Soon, the video of the “Piano Man” uploaded by Polard (above) reached almost 12 million people across the world, earning him enough accolades to help finance the purchase of a brand new piano, which found its home in the same facility that the Piano Man lived, and recently died, in.
According to The Washington Post, Arcand died of unknown causes at 46 in a supportive housing facility for the homeless in Edmonton. His cousin Chris Yellowbird told The Washington Post that playing music on the piano, a skill Arcand picked up on his own, was his escape from his hard life.
Arcand grew up in foster homes since he was four. He discovered the piano at one of these homes, and, as he told the CBC, “It was as though we were meant for each other.”

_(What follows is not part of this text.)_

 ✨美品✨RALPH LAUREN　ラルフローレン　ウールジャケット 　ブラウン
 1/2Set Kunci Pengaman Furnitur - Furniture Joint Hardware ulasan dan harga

However, Arcand’s life held a trough of tragedies waiting for him. He first lost his father in 1991, then his wife and daughter in a car accident. He ended up homeless, living on the streets, and often found himself seeking solace in drugs and alcoholism.
The viral video of him could have been his big break – it offered him a glimmer of hope for his future. Unfortunately, Arcand found himself lost in a vicious cycle of despair. He was found broken a year-and-a-half later by a reporter of the Aboriginal Peoples Television Network. “I don’t know what to do anymore,” Arcand told the reporter hopelessly, saying that his music was “a broken dream” that could’ve been.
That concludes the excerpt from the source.